Aji menyadari jari gadis itu bergerak, dengan semangat tinggi ia mendekati ranjang pesakitan itu.
"Ma," panggil Aji pelan pada Mamanya. Wanita di depannya mulai membuka mata, saat merasa dirinya dipanggil. "Silla, Ma," bisiknya.
Netranya membuka sempurna kala melihat hal yang ia tunggu-tunggu selama ini, dengan sabar, ia tetap menunggu hingga kelopak mata itu akan terbuka sempurna.
"Panggilkan dokter, Aji. Cepat!" titahnya tak sabaran. Aji menekan tombol di atas bed cepat. Merasa tak cukup dengan itu, ia pun keluar ruangan untuk memanggil siapapun penyandang gelar dokter di tempat ini.
Setelah tiga puluh menit setelah dokter memberi penanganan, kini status gadis itu hanya tak sadarkan diri. Berkat Tuhan, dia berhasil selamat dari koma.
Kelopak matanya kembali bergerak pelan seperti tadi, tapi kini tidak ada suara dari mesin seperti sebelumnya. Mendengar raungan mesin itu saja, sudah membuat Debby panik berlebihan. Takut kehilangan keponakannya, sempat terlintas di benaknya.
Erangan halus terdengar dari bibir pucatnya, dengan cepat Debby menghampiri Silla. Belum sempurna langkahnya terhenti di samping bed, gadis itu sudah berteriak histeris. Seakan dia melihat pembunuh yang kapanpun siap membunuhnya.
"Silla, Nak. Tenang nanti selang infusmu tercabut!" pekik Debby.
***
Silla tak berhasil mengingat apa yang menimpanya hingga ia berakhir terbaring di sini, di rumah sakit yang penuh dengan hal-hal aneh, bahkan tempat ini saja masih asing, karena beberapa makhluk yang tak biasa terlihat oleh mata.
Hanya suara decitan ban, benturan keras dan suara sirine yang senantiasa meraung di otak Silla. Argh! Siapa yang menyetel musik mengerikan itu, kenapa terus saja terdengar.
Belum sempurna pandangan Silla menelisik setiap sudut, sosok dengan baju hitam tanpa kaki itu menatapnya. Matanya hanya tersisa satu, satu mata lagi hanya dipenuhi oleh darah segar. Wajah tak karuan, tangan pendek. Meski pendek, ia mampu menggenggam kapak yang berlumuran darah. Aroma tubuh yang menyengat, ditambah dengan raungan sirine dan decitan ban. Rasanya kepala Silla akan pecah detik ini juga.

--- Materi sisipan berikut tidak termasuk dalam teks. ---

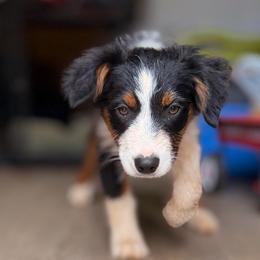 Blue - Black tri-color male Australian Shepherd puppy in Grand Saline, Texas from Murphy Ranch Australian Shepherds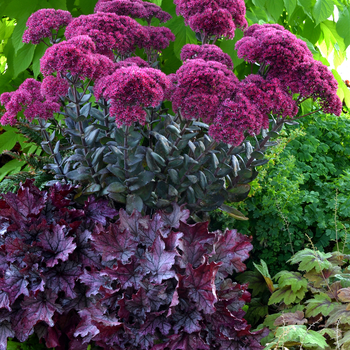 Sedum 'Thunderhead' (056347)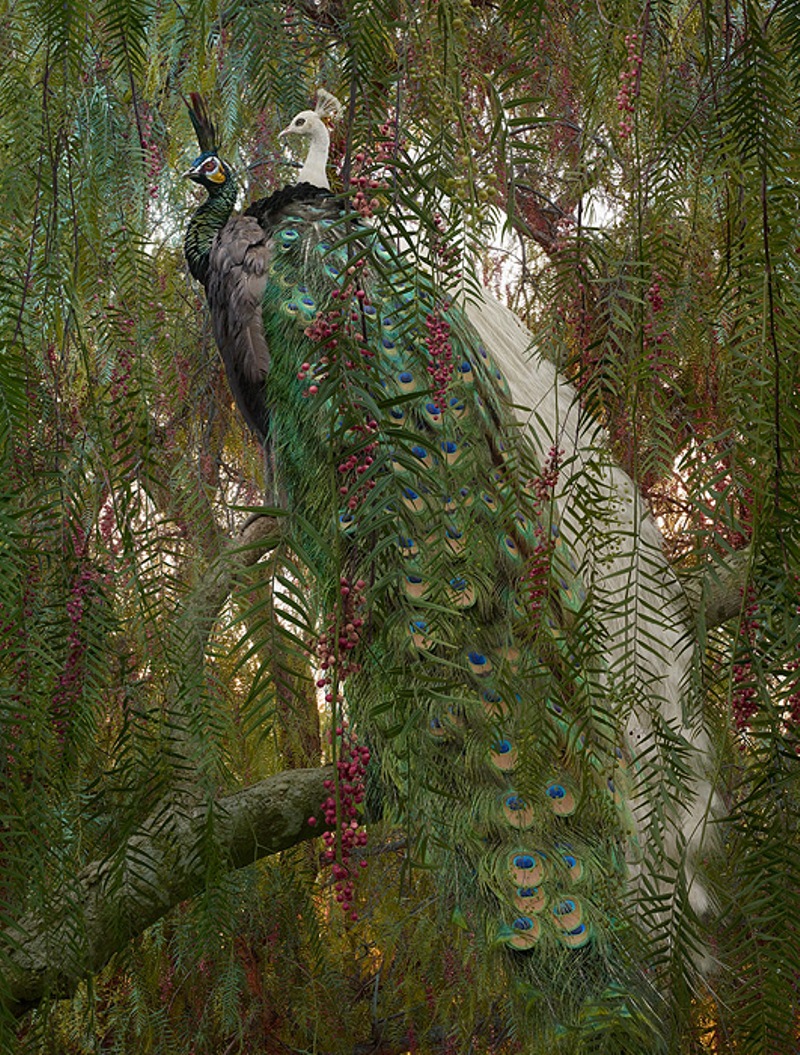 Reino de animales apocalípticos Simen Johan:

Sosok itu mendekat, dan kini bertambah dengan sosok mengerikan membawa keris. Wanita itu, sejak kapan dia berada di samping sosok tanpa kaki? Keduanya ingin membunuh Silla.
Meskipun tubuhnya masih terasa lemas, tapi sinyal dari otak Silla lebih kuat untuk melakukan perlawanan. Gadis itu beringsut, tetapi mereka semakin dekat saja. Tolong siapapun, bantu Silla sekarang! Teriakan gadis itu tak mengundang siapa-siapa, justru membuat mahluk tanpa kaki itu kian mendekat. Sementara wanita pembawa keris justru menghentikan langkahnya sembari berteriak tak jelas, ia seperti berteriak tapi tanpa suara.

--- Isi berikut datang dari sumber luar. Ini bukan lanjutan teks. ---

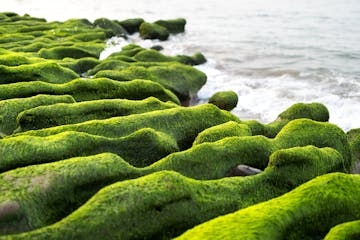 Riotous Ocean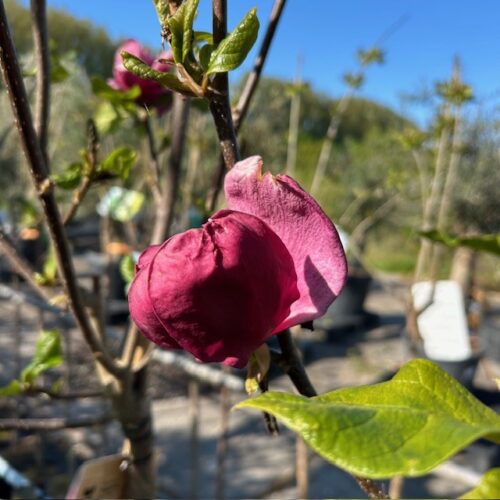 Magnolia 'Genie' (Beverboom of Tulpenboom) op stam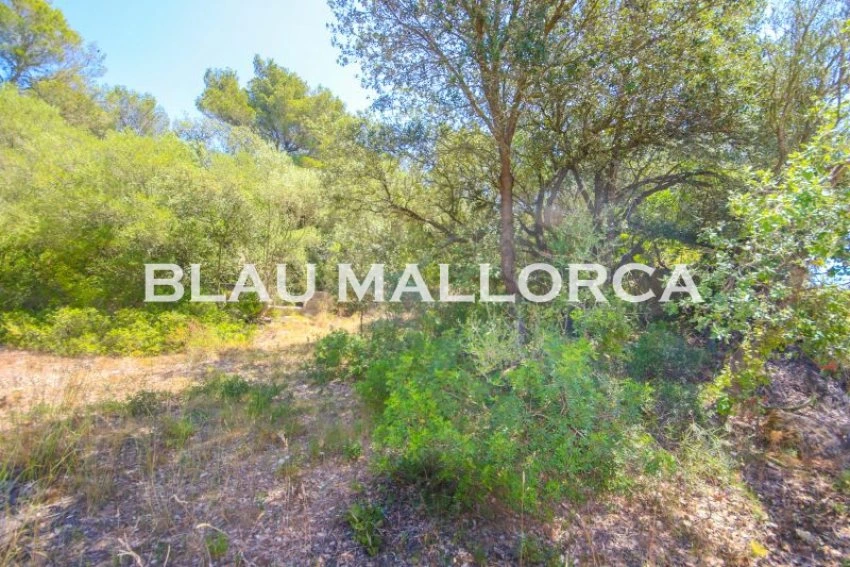 Venta Casas Rústicas Artá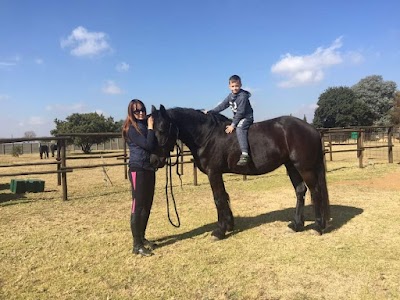 Van Ryn Equestrian Centre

Bola kecil dengan manik hitam di tengahnya kini terpampang jelas di depan Silla, tak lupa dengan campuran darah. Tangan kecilnya memaksakan agar gadis itu segera melahap bola mata itu, meski dengan sekuat tenaga Silla memberontak, memalingkan wajah dengan keras, tetap saja. Tetap saja tangan pendek sosok itu berhasil mencekik leher Silla, hingga wajahnya yang hancur semakin jelas terlihat.
Perlahan tetapi pasti, kuku panjang itu mulai menukik bibir yang berusaha dikatupkan rapat. Sial! Bibir gadis itu kini mengeluarkan darah segar karena kerasnya usaha sosok itu membuka bibir Silla. Hingga akhirnya, dia berhasil memasukkan benda menjijikkan itu.
"Argh!"
Mimpi itu selalu saja terulang, mimpi yang sebenarnya merupakan kilas balik kejadian sembilan tahun lalu. Wanita itu datang lagi. Sekilas, bayangan wanita pembawa keris itu selalu berkelabat dalam dirinya.

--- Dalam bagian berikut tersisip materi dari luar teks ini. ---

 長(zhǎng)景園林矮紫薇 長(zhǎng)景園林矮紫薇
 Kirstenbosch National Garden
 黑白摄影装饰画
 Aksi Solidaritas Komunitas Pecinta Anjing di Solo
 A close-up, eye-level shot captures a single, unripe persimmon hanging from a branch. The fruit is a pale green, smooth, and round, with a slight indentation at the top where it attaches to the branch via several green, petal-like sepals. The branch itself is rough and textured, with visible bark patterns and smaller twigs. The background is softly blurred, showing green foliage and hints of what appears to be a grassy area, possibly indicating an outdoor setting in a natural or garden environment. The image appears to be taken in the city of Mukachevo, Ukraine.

"Pergi!" Silla memekik keras, memintanya pergi saat wujud wanita pembawa keris itu terlihat.
"Silla, ini tante, Nak. Silla," panggilnya lirih. Silla begitu benci suasana seperti ini, sosok wanita itu selalu saja menangis saat memasuki kamarnya. Sosok wanita itu menangis karena sikap Silla yang seperti ini saat dia datang.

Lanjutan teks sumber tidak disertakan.